Materials provided:
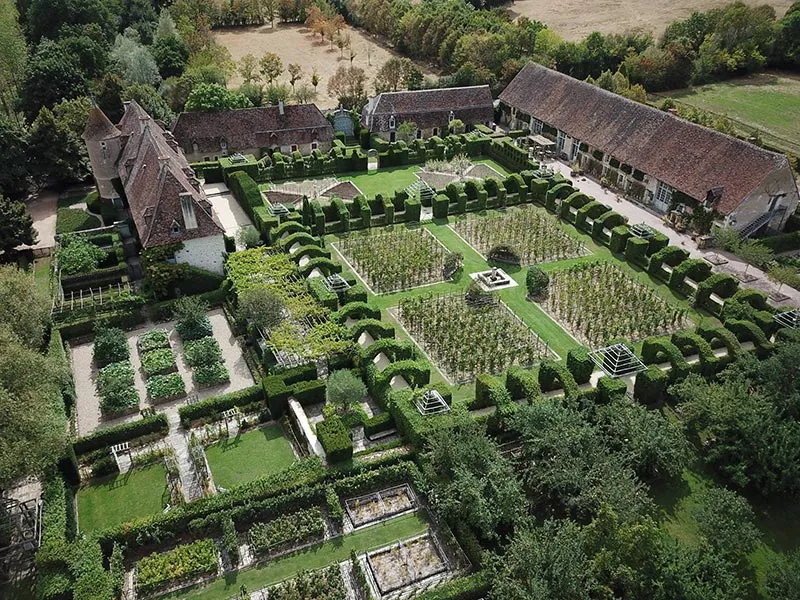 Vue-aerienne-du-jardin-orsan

==

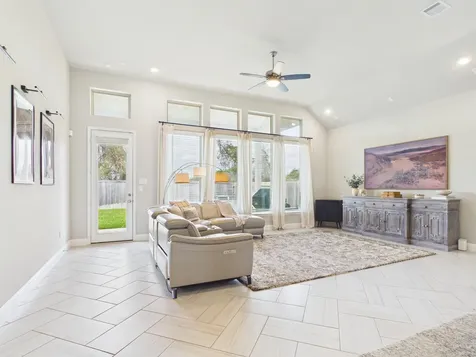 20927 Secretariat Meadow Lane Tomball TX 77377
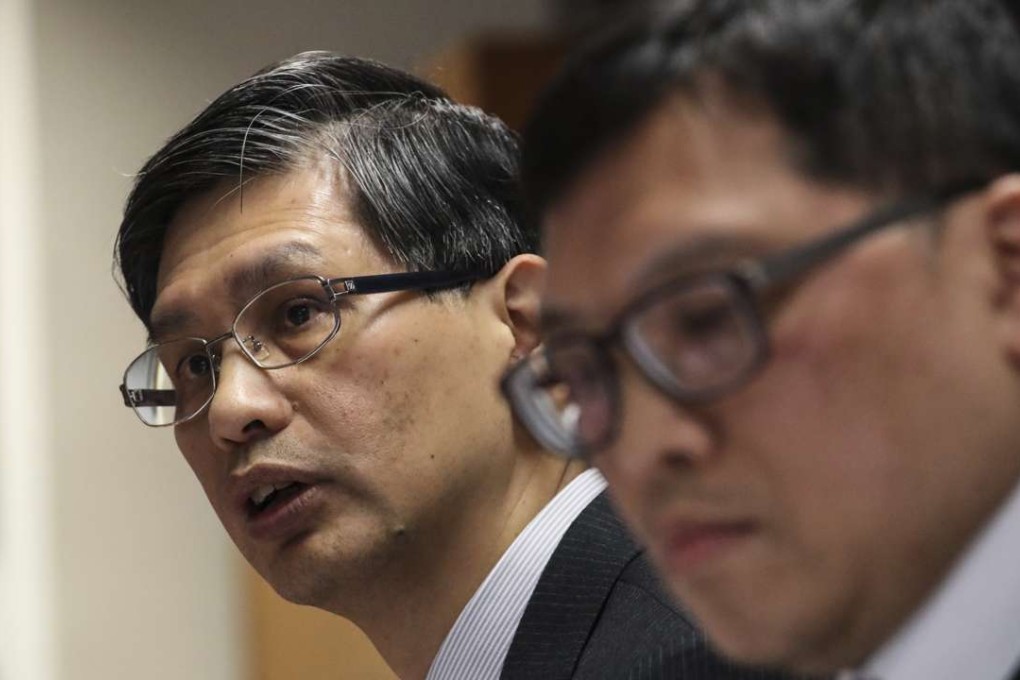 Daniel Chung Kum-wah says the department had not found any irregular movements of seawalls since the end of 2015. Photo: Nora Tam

Activity:
Within the listing above, the stretch from the line with "20927 Secretariat Meadow" down to the line with "Daniel Chung Kum-wah" is to be given again exactly, end lines included and pictures excluded.

Solution to this task:
 20927 Secretariat Meadow Lane Tomball TX 77377
 Daniel Chung Kum-wah says the department had not found any irregular movements of seawalls since the end of 2015. Photo: Nora Tam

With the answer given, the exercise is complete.